Answer :
Certainly! Let’s analyze and match each given expression to the appropriate method needed to evaluate it by recognizing the rules of exponents that apply.
1. Expression: [tex]\((4x^3)^5\)[/tex]
Rule: When you have a power of a power, you multiply the exponents.
Method: Multiply the exponents
2. Expression: [tex]\(5^3 \cdot 5^3\)[/tex]
Rule: When you multiply like bases, you add the exponents.
Method: Add the exponents
3. Expression: [tex]\((7^2)^3\)[/tex]
Rule: When you have a power of a power, you multiply the exponents.
Method: Multiply the exponents
4. Expression: [tex]\(6^9 \div 6^5\)[/tex]
Rule: When you divide like bases, you subtract the exponents.
Method: Subtract the exponents
To summarize:
1. [tex]\((4x^3)^5\)[/tex]: Multiply the exponents
2. [tex]\(5^3 \cdot 5^3\)[/tex]: Add the exponents
3. [tex]\((7^2)^3\)[/tex]: Multiply the exponents
4. [tex]\(6^9 \div 6^5\)[/tex]: Subtract the exponents
These methods are fundamental rules of exponents which help simplify and evaluate expressions involving powers.
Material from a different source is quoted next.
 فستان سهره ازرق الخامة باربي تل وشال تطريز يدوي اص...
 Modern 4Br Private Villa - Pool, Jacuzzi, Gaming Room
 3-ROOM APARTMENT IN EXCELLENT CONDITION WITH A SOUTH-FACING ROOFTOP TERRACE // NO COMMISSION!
1. Expression: [tex]\((4x^3)^5\)[/tex]
Rule: When you have a power of a power, you multiply the exponents.
Method: Multiply the exponents
2. Expression: [tex]\(5^3 \cdot 5^3\)[/tex]
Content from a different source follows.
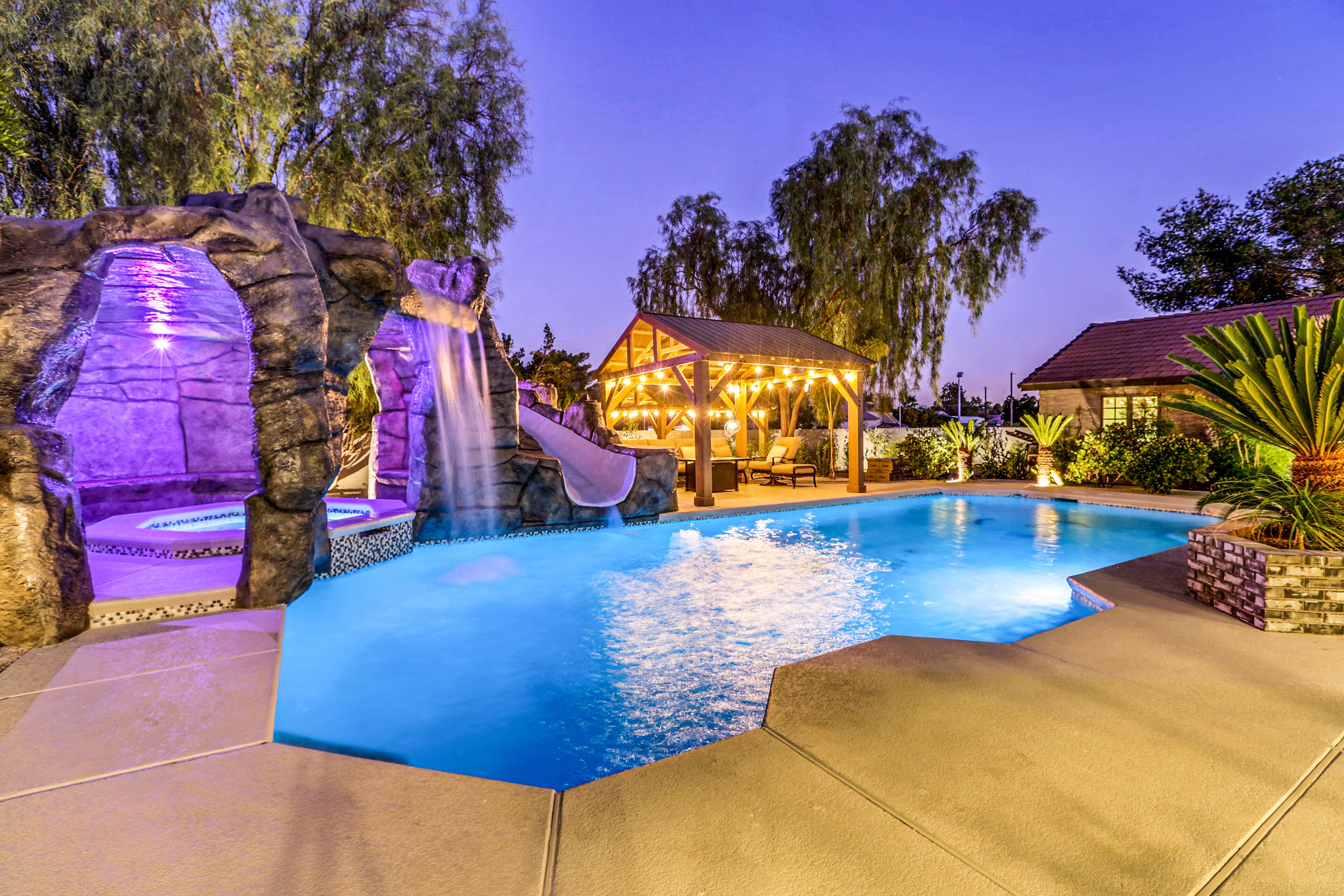 Piscine extérieure, piscine chauffée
Rule: When you multiply like bases, you add the exponents.
Method: Add the exponents
3. Expression: [tex]\((7^2)^3\)[/tex]
Rule: When you have a power of a power, you multiply the exponents.
Method: Multiply the exponents
4. Expression: [tex]\(6^9 \div 6^5\)[/tex]
Rule: When you divide like bases, you subtract the exponents.
Method: Subtract the exponents
To summarize:
1. [tex]\((4x^3)^5\)[/tex]: Multiply the exponents
2. [tex]\(5^3 \cdot 5^3\)[/tex]: Add the exponents
3. [tex]\((7^2)^3\)[/tex]: Multiply the exponents
4. [tex]\(6^9 \div 6^5\)[/tex]: Subtract the exponents
These methods are fundamental rules of exponents which help simplify and evaluate expressions involving powers.